Liam, 15, had already been interested in filmmaking and had even done his work experience with Frameworks Films in Cork city, so it wasn’t a surprise to him to discover his directorial flair.
“I really enjoyed directing,” Liam says. “I think I like having control over where the story goes, even though it’s hard to convey your message sometimes. I found it easier than I expected: now I know that this is something that you can just decide to do.”
Starring just two actors and shot in one school day with the help of Cork Film Centre staff, Locked is yet to be seen by the students involved in its production: for time reasons, the editing is not done by the students, but by a professional.
For Michael Briers, 17, his father Jeremy’s career as a cameraman, editor and TV producer for South African television is his main inspiration for wanting to work in film and he’s showing a strong inclination to follow in his father’s footsteps following the family’s move to Ireland: while shooting Locked, his favourite role was that of cameraman, while he would have liked to get the chance to try out some editing too.
Several students were involved in producing stop-motion plasticine animations for the festival, too: Rachael, 15, worked on an unnamed two-minute short whose plot is as quirky as Locked’s is. “It’s about a wasp who steals a lamp because he’s lonely,” she explains to smiles all round. “I did the background and the wasp: we had to learn to move them around.
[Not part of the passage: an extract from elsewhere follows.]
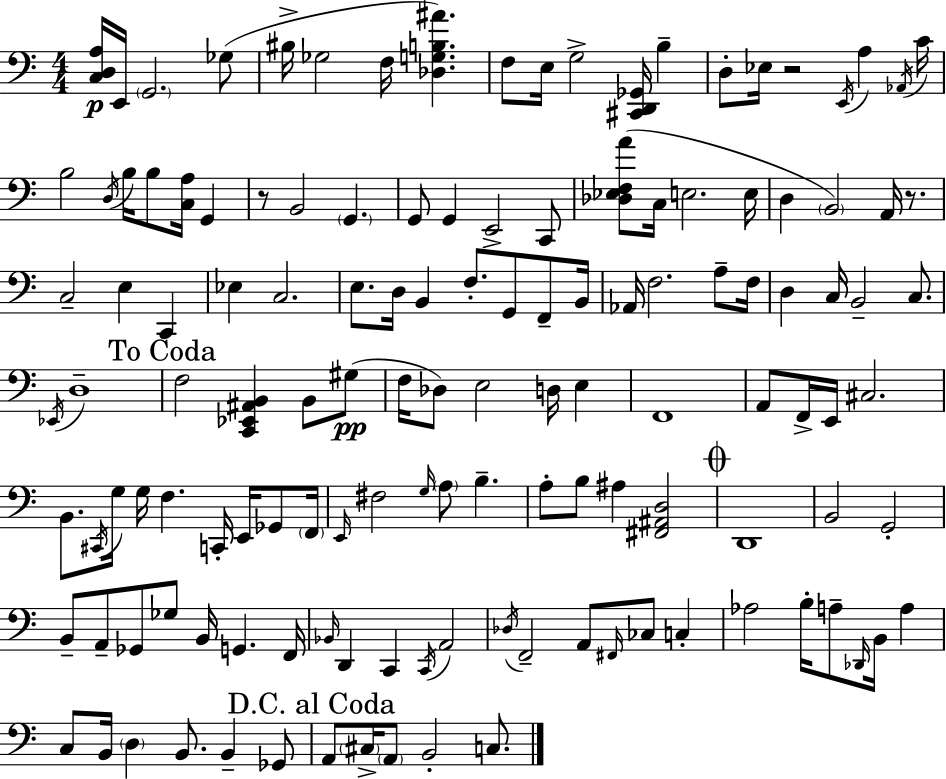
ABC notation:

I really enjoyed doing the backgrounds.”
So much fun was had during the workshops that all four students now say they’re interested in pursuing a career in film in the future. This level of engagement is nothing new: previous First Cut winners have included Christian Tierney, who won the Youth Music Video competition, and who now works as a full-time videographer for Conor McGregor.
This year’s First Cut Festival will screen animations and short films from a variety of age-groups, schools and youth groups as well as playing host to acting workshops, panel discussions and a music video competition.
For the first year running, Cork Film Festival is partnering with First Cut and offering submission for consideration for the October event to the winner of the inaugural Cork Film Festival Award, which is open to 18-24 year olds. First Cut also welcomed on board Ballymaloe House as their lead sponsor for 2019.
Festival director Mary McGrath says she’s “bowled over” by the creativity of this year’s entries.
“The feedback we get from young people is amazing,” she says.
“A lot of work goes into the four days of the festival and none of us are doing it for the money: it’s incredibly rewarding to see the quality of the films that are being made and just how capable and talented young people are.”
First Cut takes place at the Mall Arts Centre, Youghal, Co Cork, from Wednesday to Saturday.